### Exercise objective:
Only the lines from the one containing "幽门螺旋杆菌治疗最新指南.ppt" to the end of the records belong in the answer; repeat them exactly and drop the pictures.

Extracted information: Begin

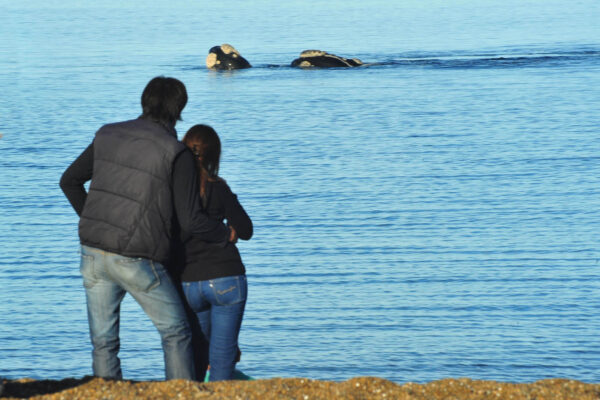 Madryn, turismo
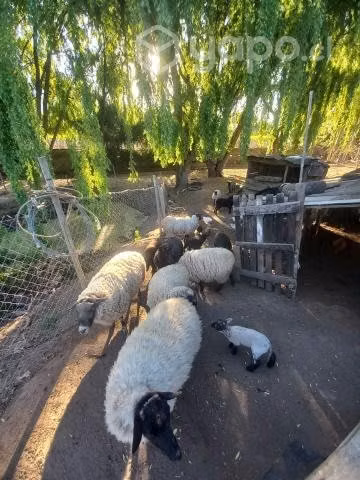 Ovejas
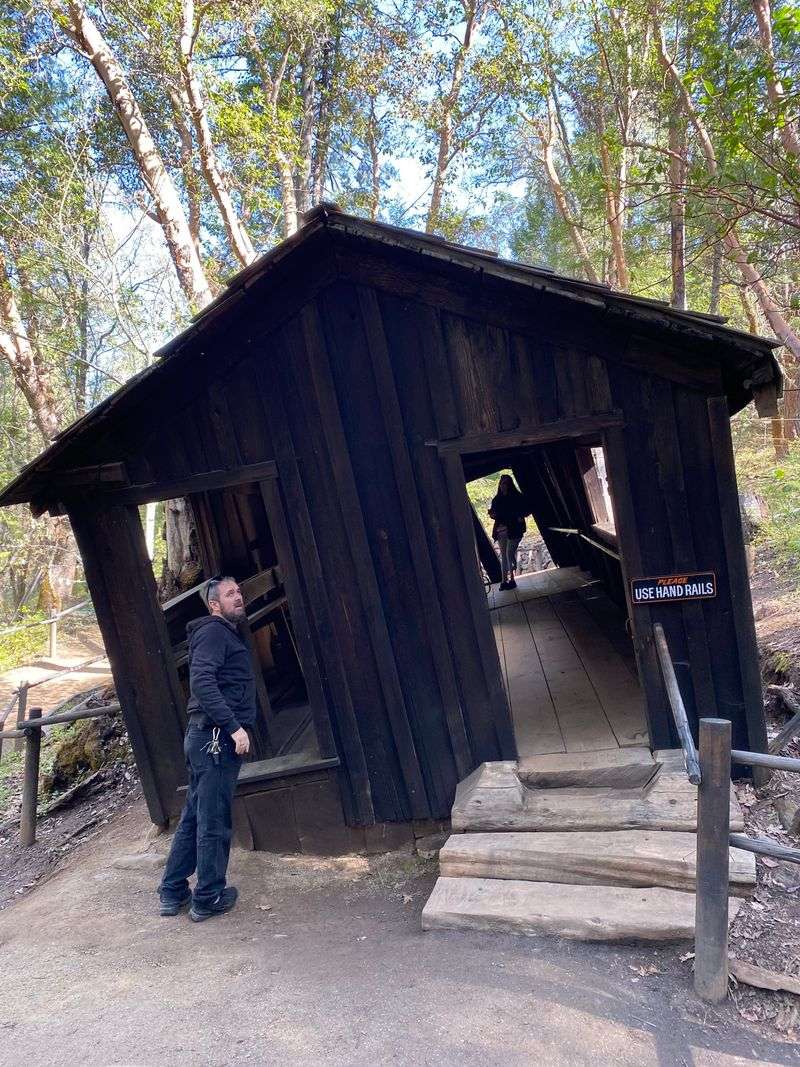 A Spherical Force Field Half Underground Creates Reversed Physics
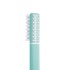 PIUMA Toothbrush Echinacea Soft Aqua Green Μαλακή Οδοντόβουρτσα με Εχινάκεια σε Γαλαζοπράσινη Απόχρωση
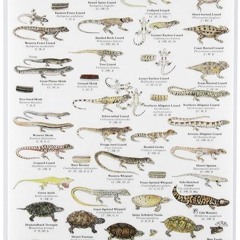 [READ]⚡PDF✔ Mac's Field Guide to Reptiles of North America Laminated Card (Mac's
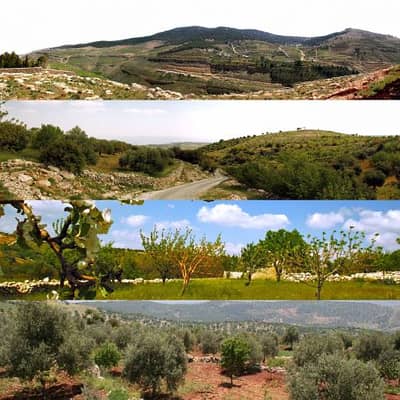 Commercial Land for Sale in Ajloun - Photo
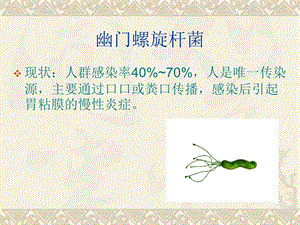 幽门螺旋杆菌治疗最新指南.ppt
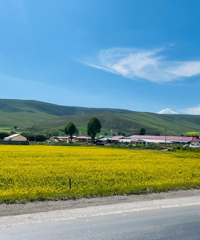 ����⳵������ʡ��뻷�ߡ�������һ�Ķ��ǵ��Ա�ֽ��������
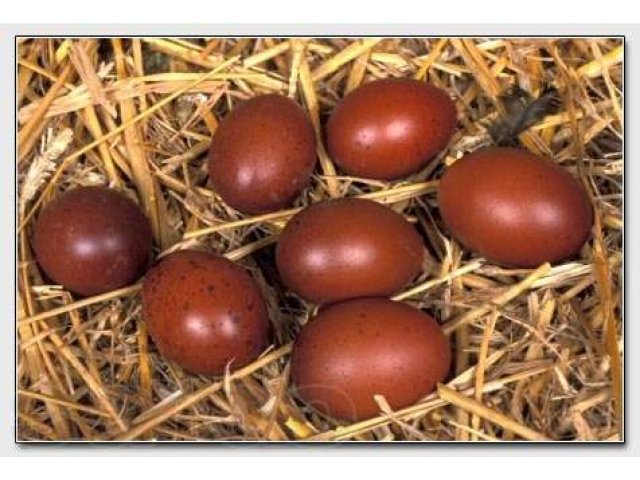 Порода маран: описание кур с "шоколадными" яйцами
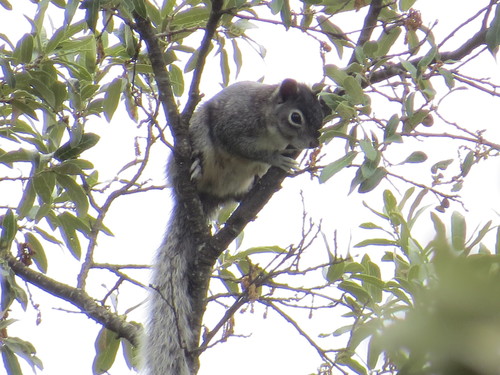 Peters's Squirrel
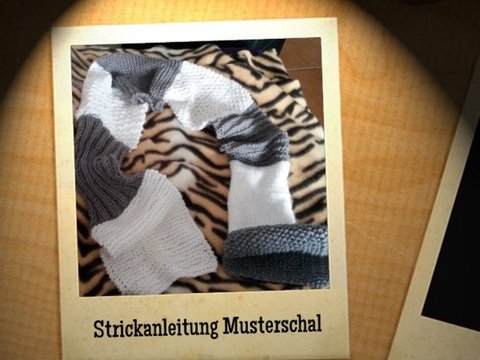 Strickanleitung Musterschal Strickschal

Extracted information: End

### Solution to the exercise:
 幽门螺旋杆菌治疗最新指南.ppt
 ����⳵������ʡ��뻷�ߡ�������һ�Ķ��ǵ��Ա�ֽ��������
 Порода маран: описание кур с "шоколадными" яйцами
 Peters's Squirrel
 Strickanleitung Musterschal Strickschal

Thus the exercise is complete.